Log files and config files

Webalizer is designed to be used with most any log file, but work out of the box with apache/ncsa style web log files and will provide reports for everything from where traffic is coming from to where it is going and how it got there.

The primary configuration file for webalizer is located at /etc/webalizer-conf, however you can place this file anywhere you want and specify via the command line which file to use. I personally reccomend placing the webalizer configuration file int he same location as your apache config files for consistancy.

There are a number of things you can change in the webalizer-conf, so let take a look at some of them.

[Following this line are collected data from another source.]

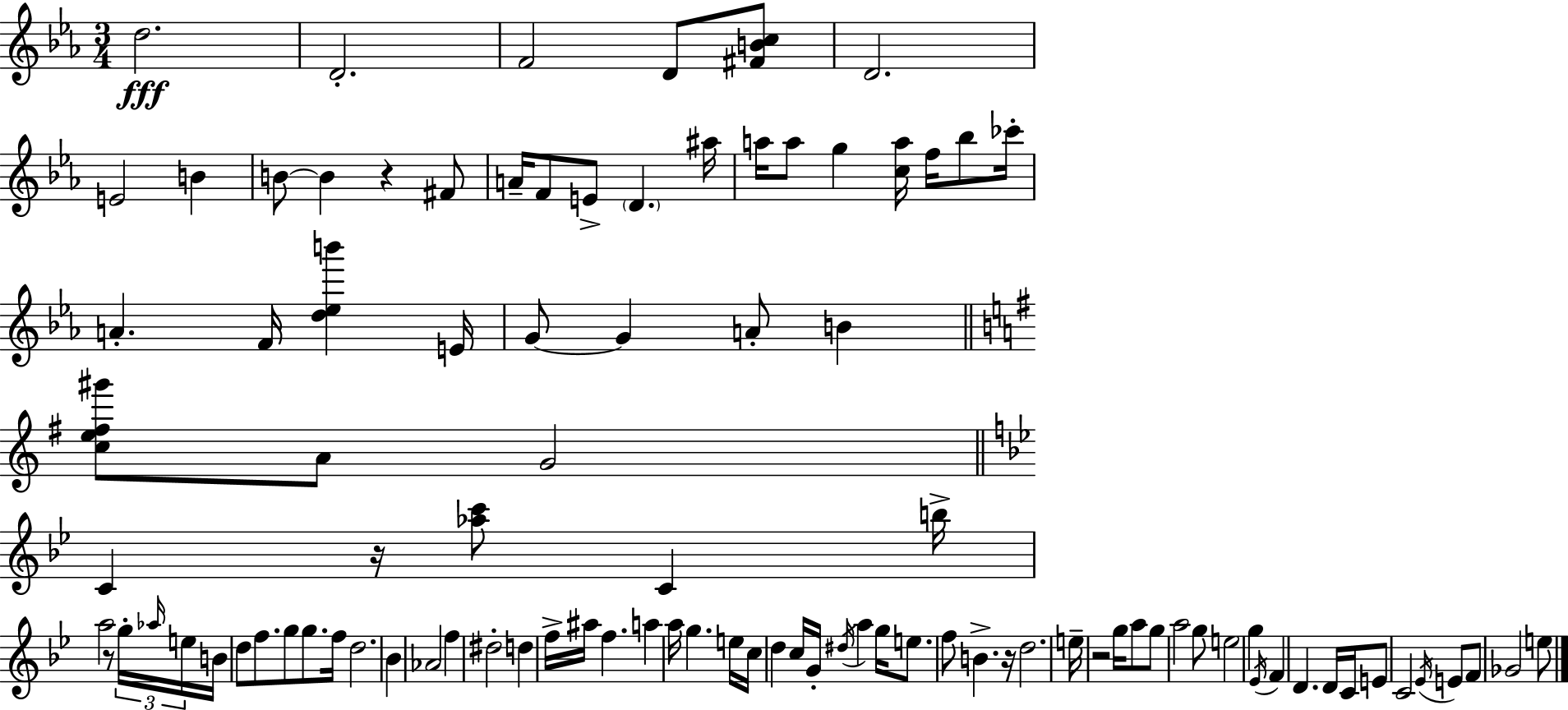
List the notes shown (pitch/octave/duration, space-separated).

D5/h. D4/h. F4/h D4/e [F#4,B4,C5]/e D4/h. E4/h B4/q B4/e B4/q R/q F#4/e A4/s F4/e E4/e D4/q. A#5/s A5/s A5/e G5/q [C5,A5]/s F5/s Bb5/e CES6/s A4/q. F4/s [D5,Eb5,B6]/q E4/s G4/e G4/q A4/e B4/q [C5,E5,F#5,G#6]/e A4/e G4/h C4/q R/s [Ab5,C6]/e C4/q B5/s A5/h R/e G5/s Ab5/s E5/s B4/s D5/e F5/e. G5/e G5/e. F5/s D5/h. Bb4/q Ab4/h F5/q D#5/h D5/q F5/s A#5/s F5/q. A5/q A5/s G5/q. E5/s C5/s D5/q C5/s G4/s D#5/s A5/q G5/s E5/e. F5/e B4/q. R/s D5/h. E5/s R/h G5/s A5/e G5/e A5/h G5/e E5/h G5/q Eb4/s F4/q D4/q. D4/s C4/s E4/e C4/h Eb4/s E4/e F4/e Gb4/h E5/e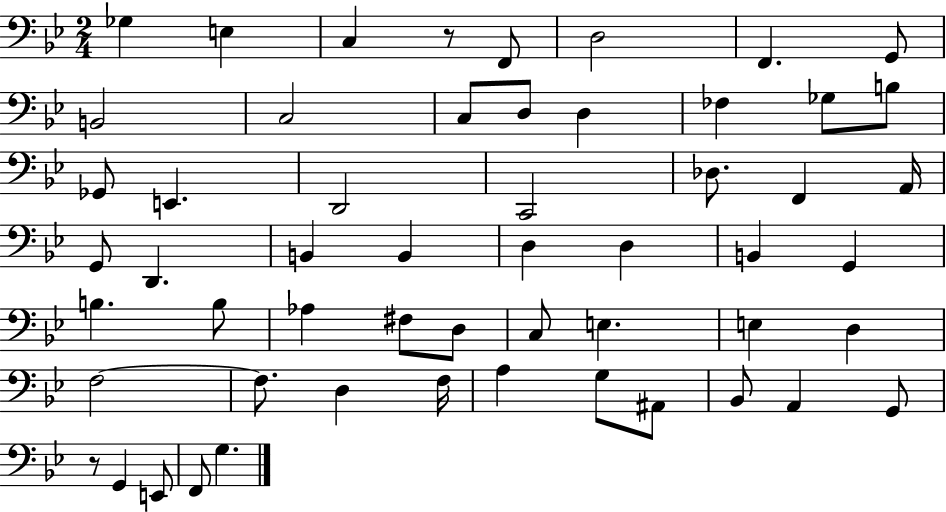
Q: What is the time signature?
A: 2/4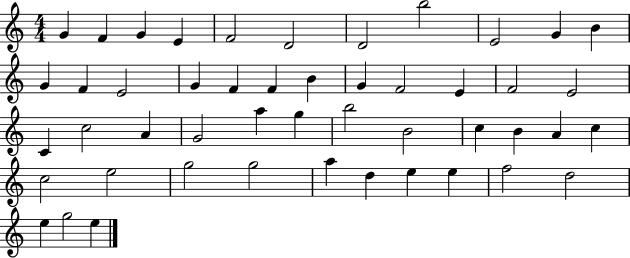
G4/q F4/q G4/q E4/q F4/h D4/h D4/h B5/h E4/h G4/q B4/q G4/q F4/q E4/h G4/q F4/q F4/q B4/q G4/q F4/h E4/q F4/h E4/h C4/q C5/h A4/q G4/h A5/q G5/q B5/h B4/h C5/q B4/q A4/q C5/q C5/h E5/h G5/h G5/h A5/q D5/q E5/q E5/q F5/h D5/h E5/q G5/h E5/q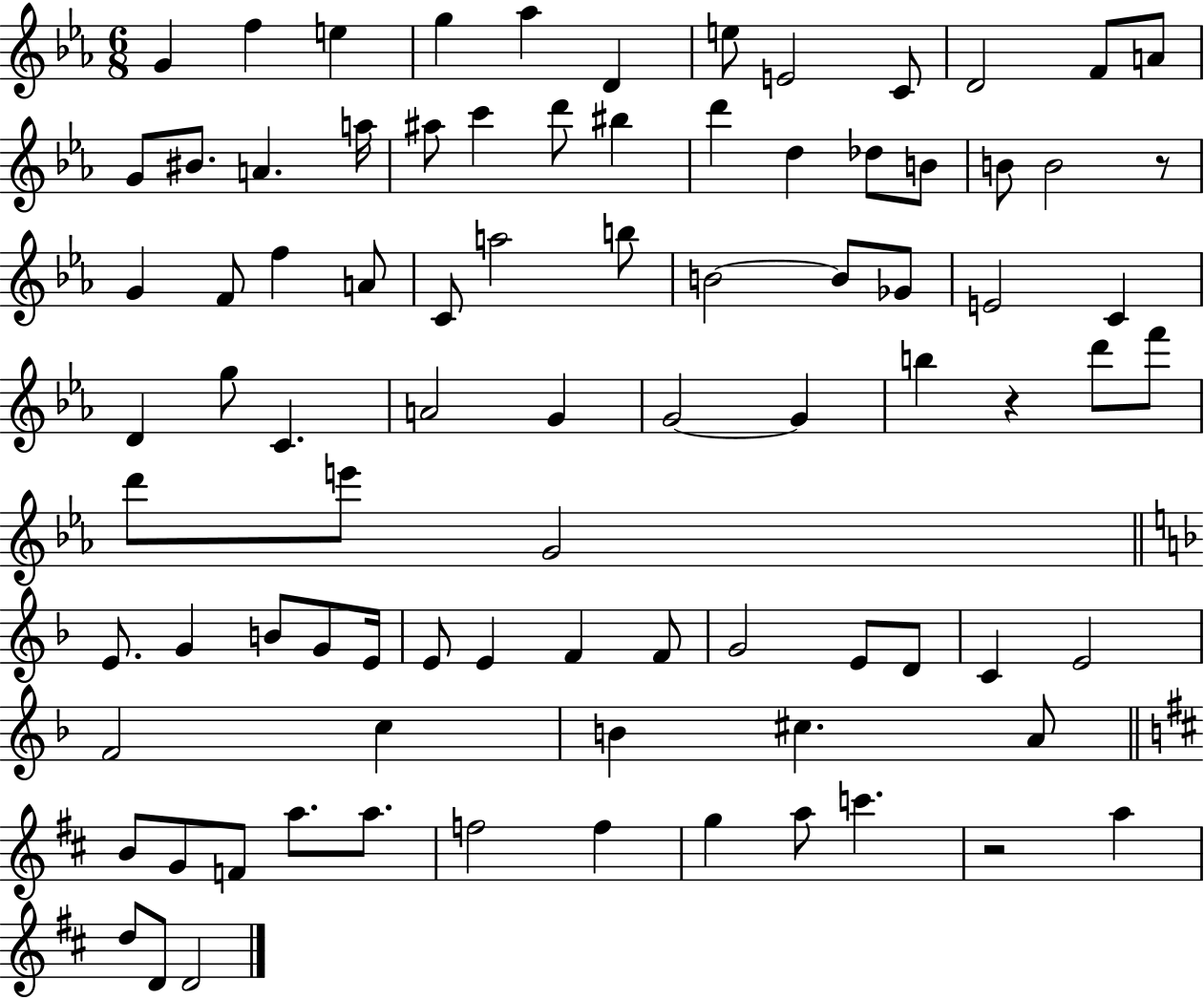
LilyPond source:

{
  \clef treble
  \numericTimeSignature
  \time 6/8
  \key ees \major
  g'4 f''4 e''4 | g''4 aes''4 d'4 | e''8 e'2 c'8 | d'2 f'8 a'8 | \break g'8 bis'8. a'4. a''16 | ais''8 c'''4 d'''8 bis''4 | d'''4 d''4 des''8 b'8 | b'8 b'2 r8 | \break g'4 f'8 f''4 a'8 | c'8 a''2 b''8 | b'2~~ b'8 ges'8 | e'2 c'4 | \break d'4 g''8 c'4. | a'2 g'4 | g'2~~ g'4 | b''4 r4 d'''8 f'''8 | \break d'''8 e'''8 g'2 | \bar "||" \break \key f \major e'8. g'4 b'8 g'8 e'16 | e'8 e'4 f'4 f'8 | g'2 e'8 d'8 | c'4 e'2 | \break f'2 c''4 | b'4 cis''4. a'8 | \bar "||" \break \key d \major b'8 g'8 f'8 a''8. a''8. | f''2 f''4 | g''4 a''8 c'''4. | r2 a''4 | \break d''8 d'8 d'2 | \bar "|."
}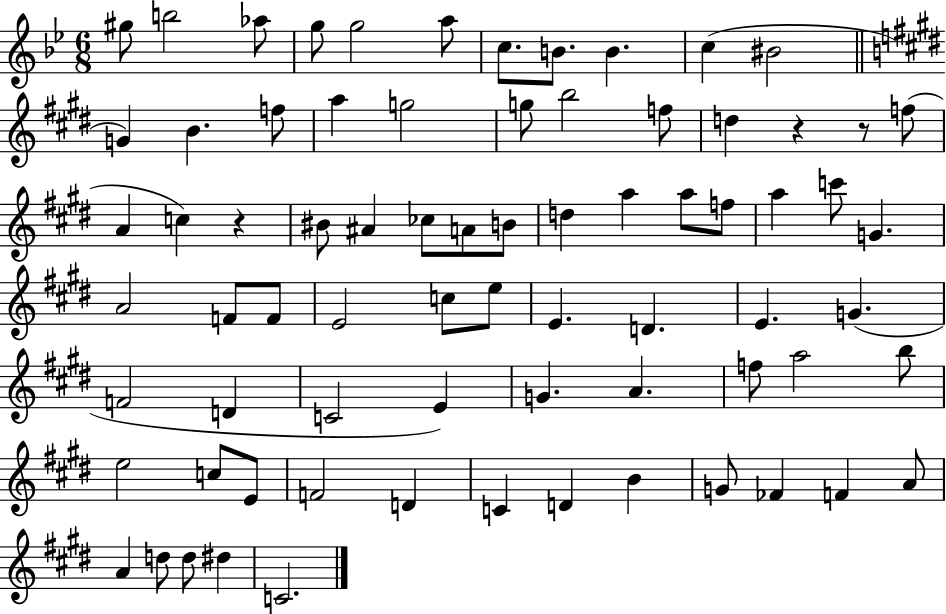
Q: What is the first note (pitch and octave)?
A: G#5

LogFile /var/log/httpd/access_log
If you have set up custom logs for virtual domains, or have placed you log file in a different directory, simply specify the path to it here (including file name)
OutputDir /var/lib/httpd/htdocs/usage
Output directory should be somewhere within your web root. You can enable Apache authentication if you don\’t want this to be publically available.
#HostName localhost
If you are running a virtual domain, or `hostname` reports something other than the web server name, make sure to set this.
PageType htm*
If you use SSI enabled paged (.shtml) or PHP (.php, .php3, .phtml) or any other filename extention, you need to add these so webalizer knows that you consider files with these extentions to be pages.

#IgnoreSite bad.site.net
#IgnoreURL /test*
#IgnoreReferrer file:/*

Now this is a tricky one. There is an option set that matches this one called hide. The difference is, using hide still counts hits that match your criteria, but they are excluded from the \”Top\” count sections. On the other hand Ignore, will completely ignore (as in not count) those hits at all. Using Ignore will skew your actual results. However, this may be what you want to do. Either way the format is the same. If you want to remove hits coming from specific sites, add an IgnoreSite entry (for example, to ignore hits from your company, add IgnoreSite *.company.com, or for just yourself IgnoreHost mybox.company.com). To keep certain directories out of the report add a IgnorURL (if you write your output to /webalizer you can ignore hits to this directory by adding IgnoreURL/webalizer*). You can find a sample report at Sample Report.

Running webalizer

Most of the time you will want to run webalizer as part of your cron tasks. The main thing you will need to make sure of is that the directory listed as the output directory is created and owned by the user running webalizer. In many cases you can do this as the web server user (typically nobody). To set things up d the following as root:

# mkdir /path/to/webroot/
# webalizer -c /path/to/webalizer-conf
# crontab -u nobody -e
Add the following entry to you crontab using the editor
0 5 * * 7 /usr/local/bin/webalizer -c /path/to/webalizer-conf

The entry given will run webalizer at 12:05am, every Sunday night. You may chose a different schedule, see man 5 crontab for help with crontab entries.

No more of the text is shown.